_Task directions_. Beginning at the line that contains "Rhinoplasty 4333 –", output each line exactly through the end of the records, and drop any pictures.

START The records

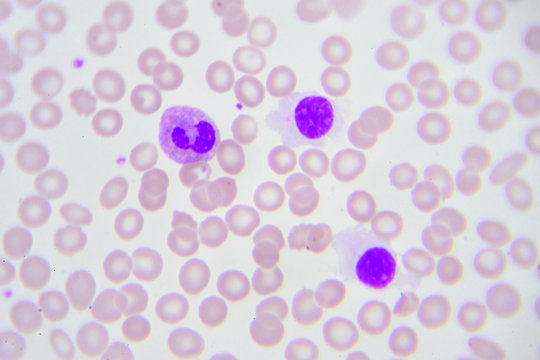 White blood cells in in blood smear, analyze by microscope
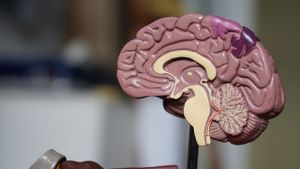 Tukul Arwana Alami Pendarahan di Otak, Kenali Tanda-Tandanya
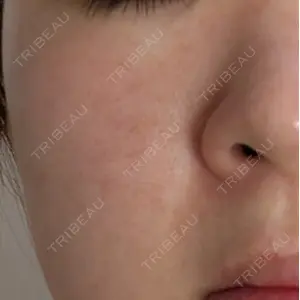 BISIN GINZA CLINIC口コミ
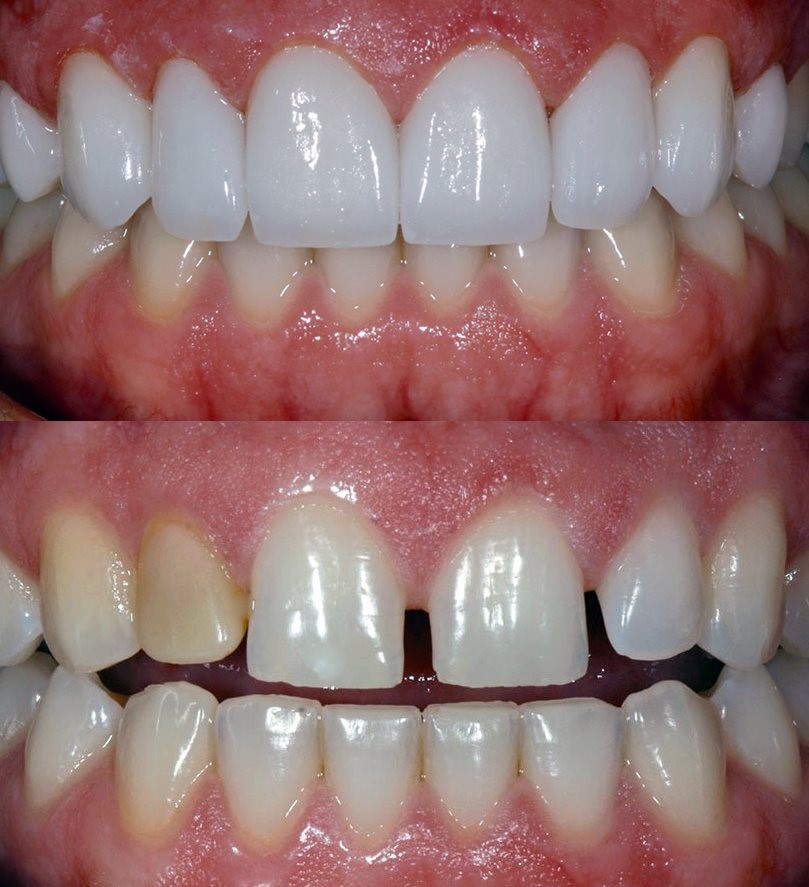 veneers vs crowns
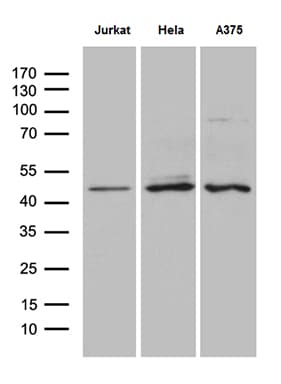 NFKBIE / IKB Epsilon Antibody (clone OTI6G9)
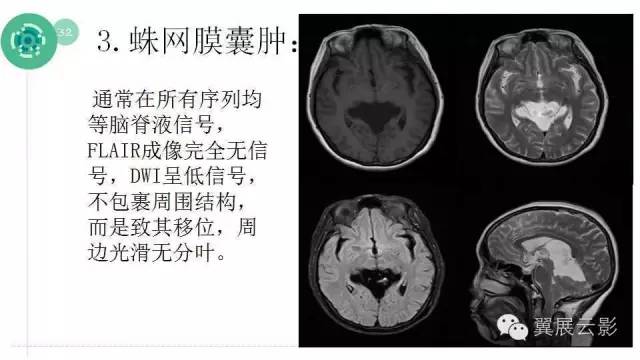 【PPT】脑表皮样囊肿的影像诊断与鉴别
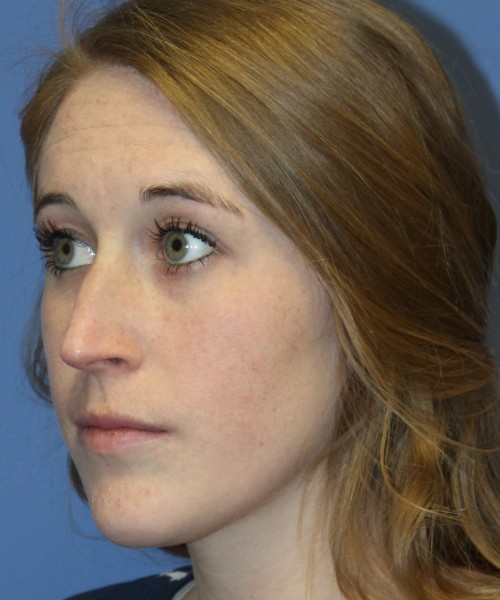 Rhinoplasty 4333 – Click HERE for more views before photo. Individual results may vary.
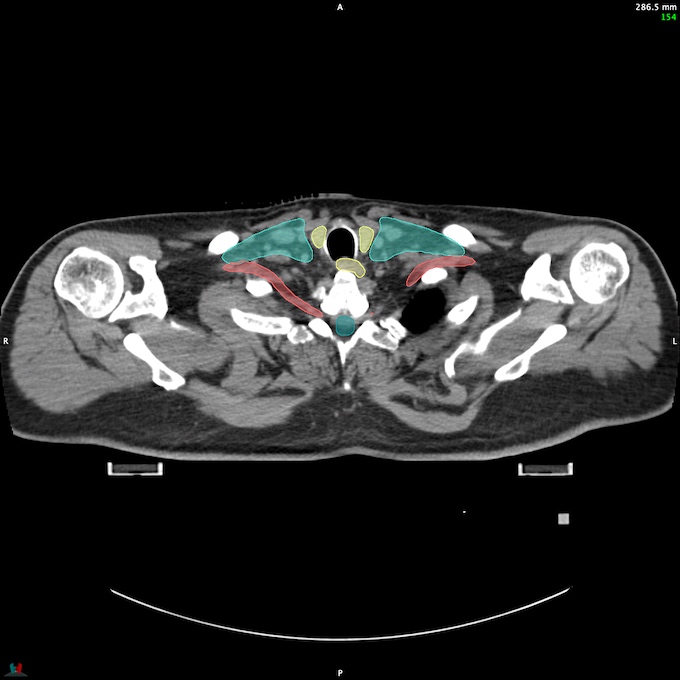 CT__SPINALCORD_65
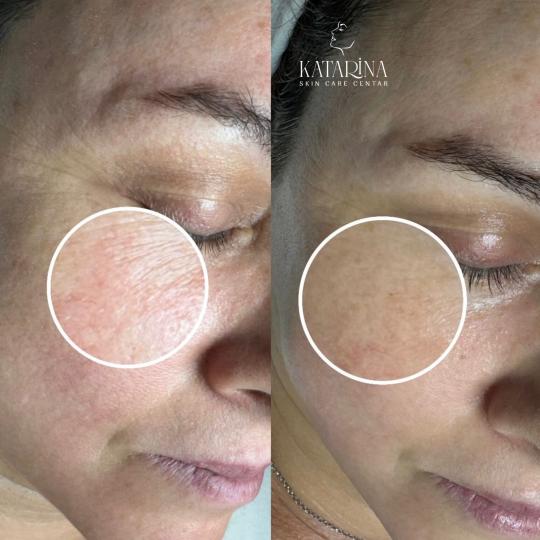 Katarina skin care centar #podgorica Tretman lica Mezoglow - hemijski piling + dermapen + mezoterapi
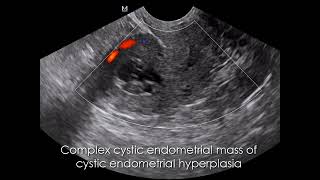 CASE 1096 cystic endometrial hyperplasia [upl. by Lemcke]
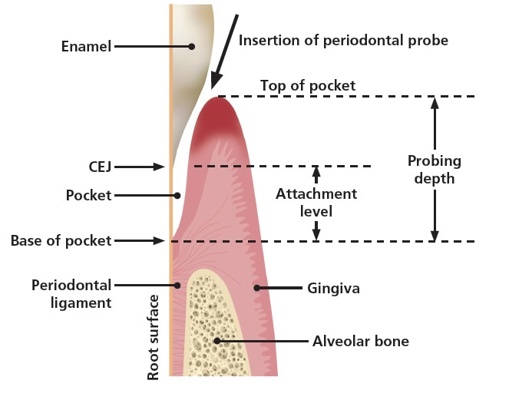 A simplified longitudinal section through a periodontal pocket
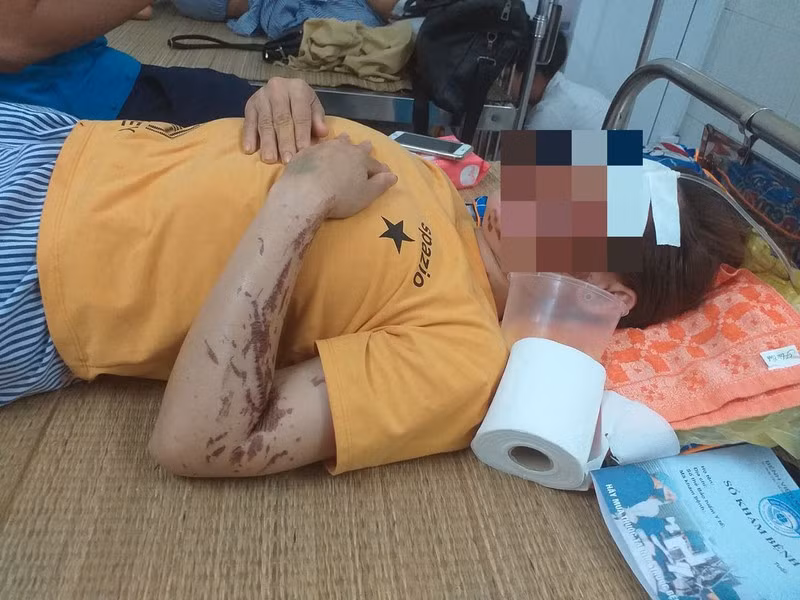 Doi tuong tat axit vao nhan vien phu bep o Hoa Binh da ra dau thu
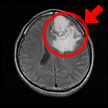 脳腫瘍例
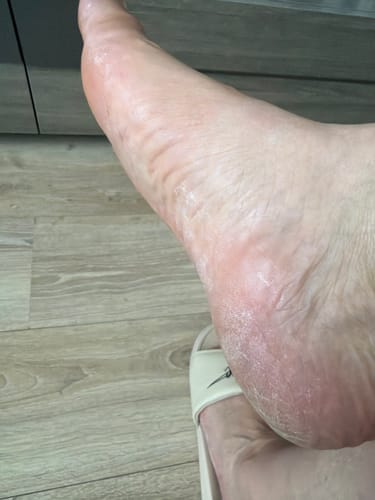 Customer photo review of Râpe Anti-Callosités Vantyx™ PRO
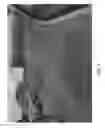 Fig. 04 - VEHICLE VISION SYSTEM WITH BLIND ZONE DISPLAY AND ALERT SYSTEM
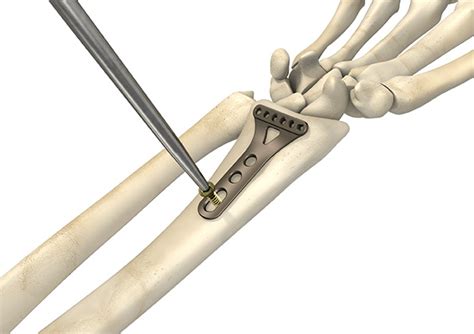 Distale Radiusplatte Ws Implantate Aus Koenigsee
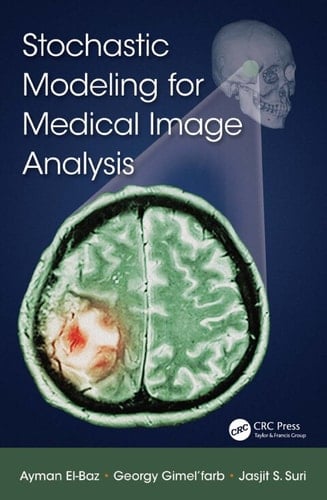 Stochastic Modeling for Medical Image Analysis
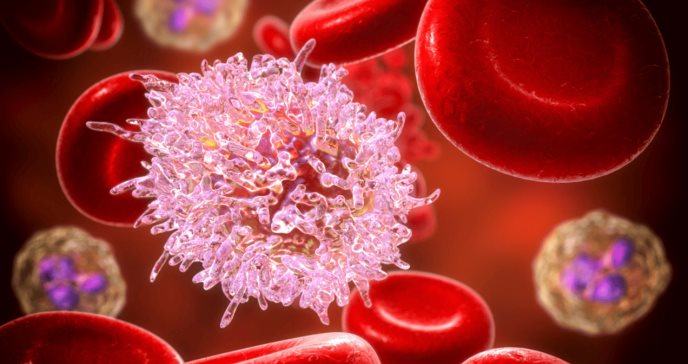 Avances terapéuticos y nuevas opciones de tratamiento en la lucha contra la leucemia linfocítica crónica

END The records

_Answer for this exercise_.
 Rhinoplasty 4333 – Click HERE for more views before photo. Individual results may vary.
 CT__SPINALCORD_65
 Katarina skin care centar #podgorica Tretman lica Mezoglow - hemijski piling + dermapen + mezoterapi
 CASE 1096 cystic endometrial hyperplasia [upl. by Lemcke]
 A simplified longitudinal section through a periodontal pocket
 Doi tuong tat axit vao nhan vien phu bep o Hoa Binh da ra dau thu
 脳腫瘍例
 Customer photo review of Râpe Anti-Callosités Vantyx™ PRO
 Fig. 04 - VEHICLE VISION SYSTEM WITH BLIND ZONE DISPLAY AND ALERT SYSTEM
 Distale Radiusplatte Ws Implantate Aus Koenigsee
 Stochastic Modeling for Medical Image Analysis
 Avances terapéuticos y nuevas opciones de tratamiento en la lucha contra la leucemia linfocítica crónica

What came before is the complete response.